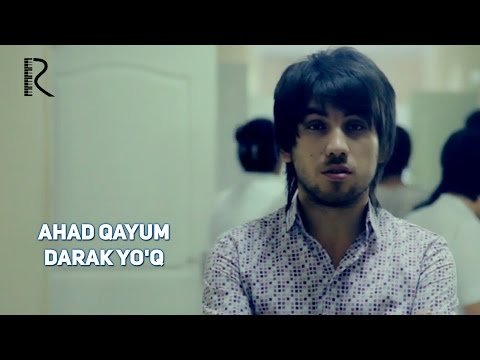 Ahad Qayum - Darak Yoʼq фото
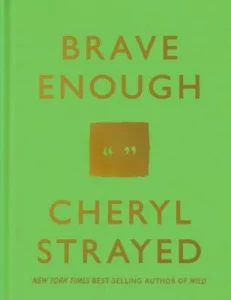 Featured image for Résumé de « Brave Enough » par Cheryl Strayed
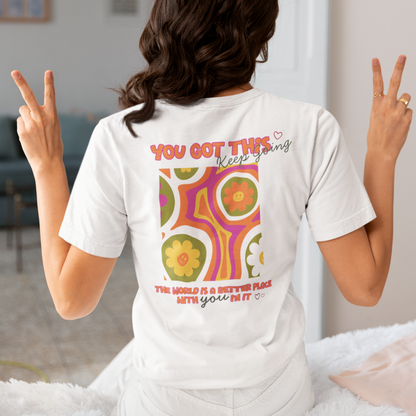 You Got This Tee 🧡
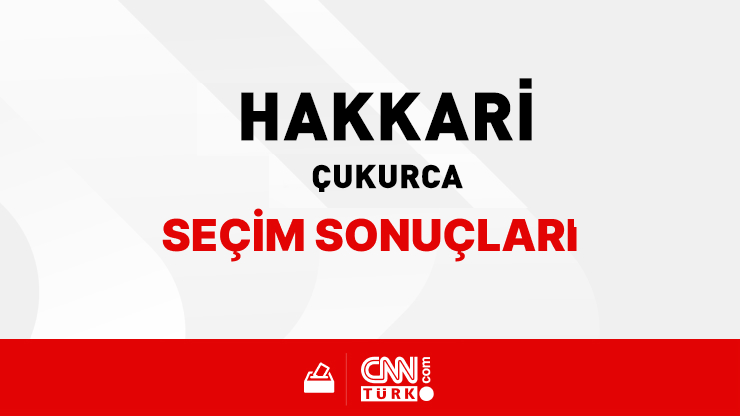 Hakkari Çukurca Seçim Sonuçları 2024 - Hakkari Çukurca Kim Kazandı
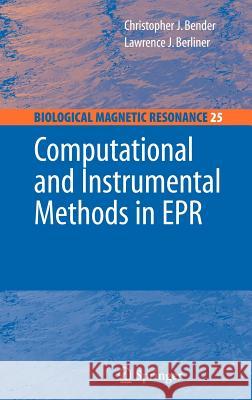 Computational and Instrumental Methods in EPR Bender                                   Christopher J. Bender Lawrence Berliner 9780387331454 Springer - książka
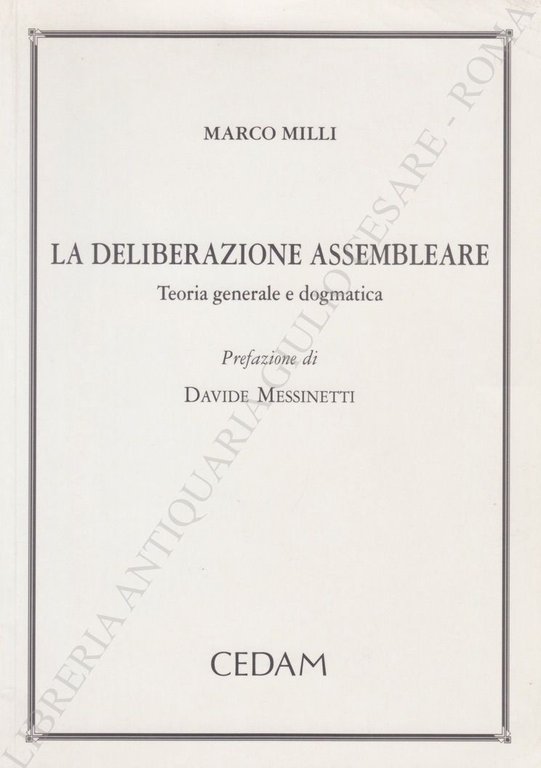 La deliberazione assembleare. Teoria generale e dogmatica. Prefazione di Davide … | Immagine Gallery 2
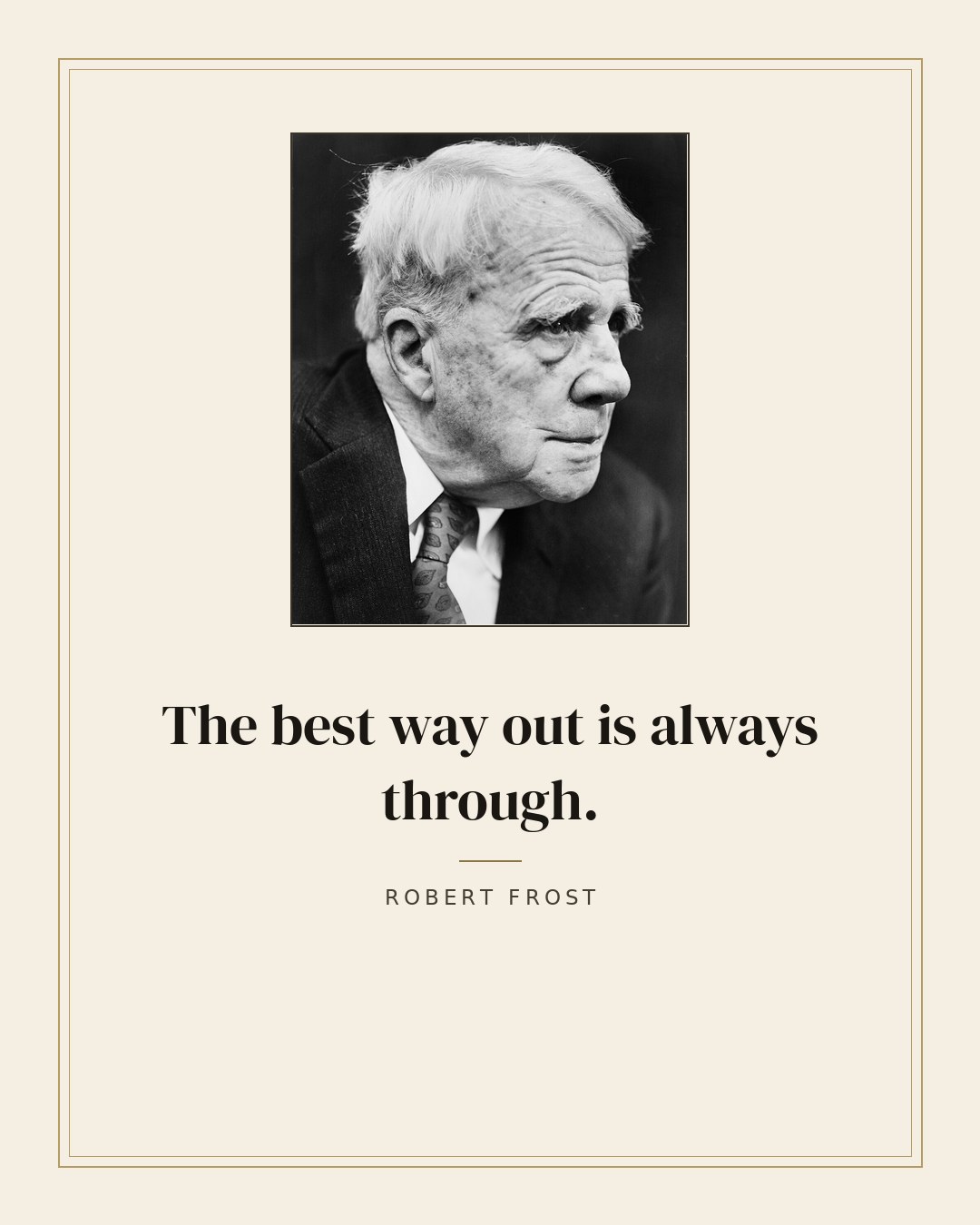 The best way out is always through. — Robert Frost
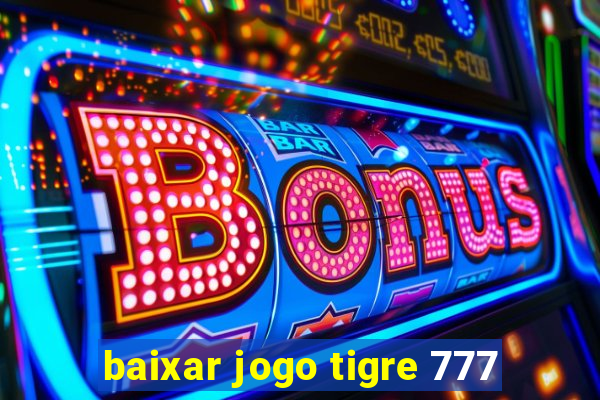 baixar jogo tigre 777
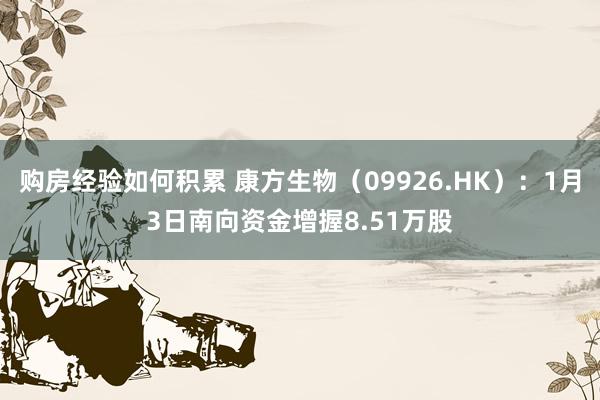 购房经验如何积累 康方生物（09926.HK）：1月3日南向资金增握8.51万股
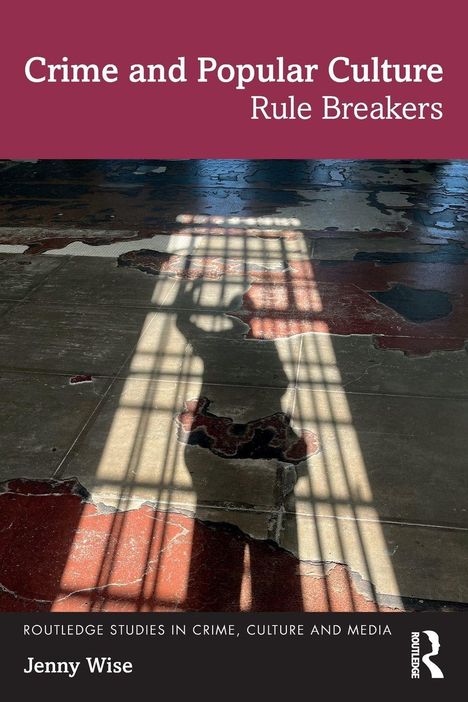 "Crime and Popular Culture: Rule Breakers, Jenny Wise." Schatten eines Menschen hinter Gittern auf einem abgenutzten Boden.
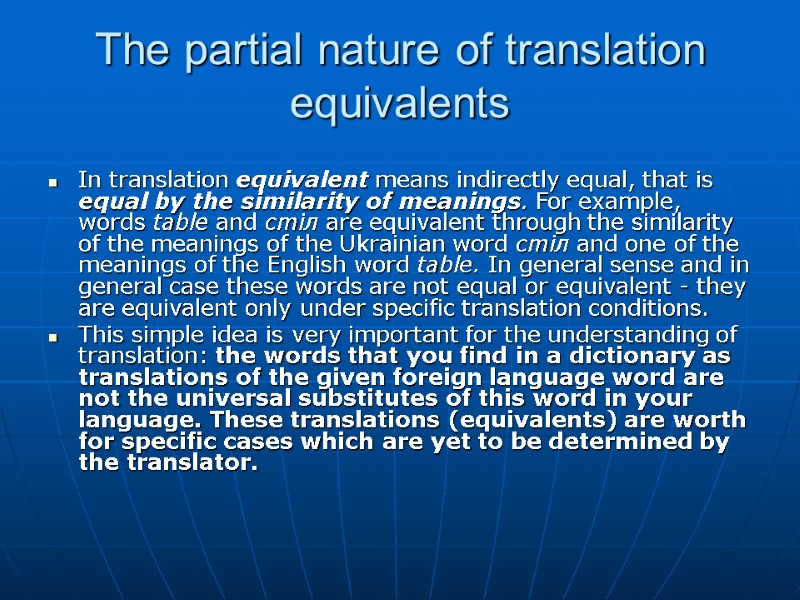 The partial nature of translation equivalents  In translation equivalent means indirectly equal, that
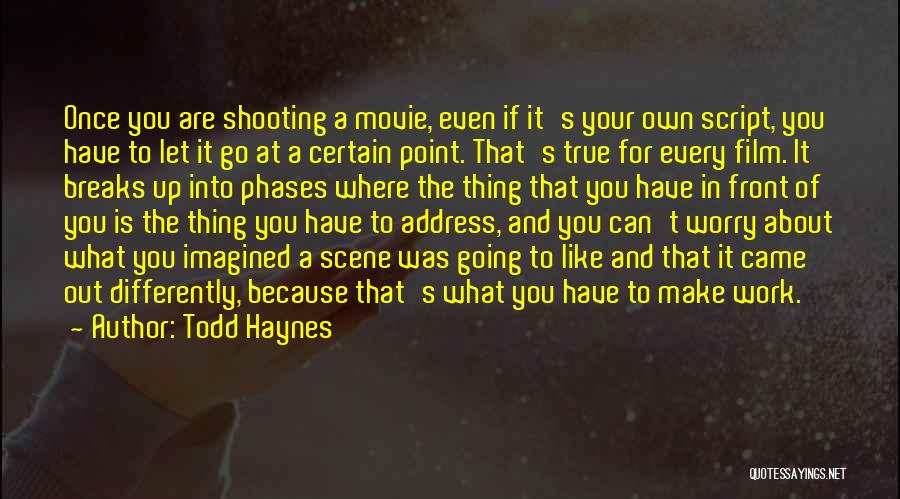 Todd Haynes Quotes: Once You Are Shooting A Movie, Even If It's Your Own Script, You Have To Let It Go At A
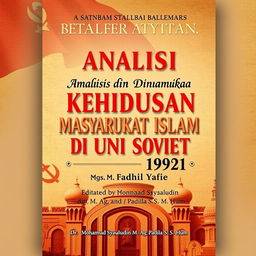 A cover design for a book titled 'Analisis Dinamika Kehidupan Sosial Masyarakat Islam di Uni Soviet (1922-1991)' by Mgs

━━━━

In the material above, which lines fall between the one holding "购房经验如何积累 康方生物（" and the one holding "Todd Haynes Quotes: Once", inclusive? Print exactly those, with the pictures left out.

WORKED SOLUTION
 购房经验如何积累 康方生物（09926.HK）：1月3日南向资金增握8.51万股
 "Crime and Popular Culture: Rule Breakers, Jenny Wise." Schatten eines Menschen hinter Gittern auf einem abgenutzten Boden.
 The partial nature of translation equivalents  In translation equivalent means indirectly equal, that
 Todd Haynes Quotes: Once You Are Shooting A Movie, Even If It's Your Own Script, You Have To Let It Go At A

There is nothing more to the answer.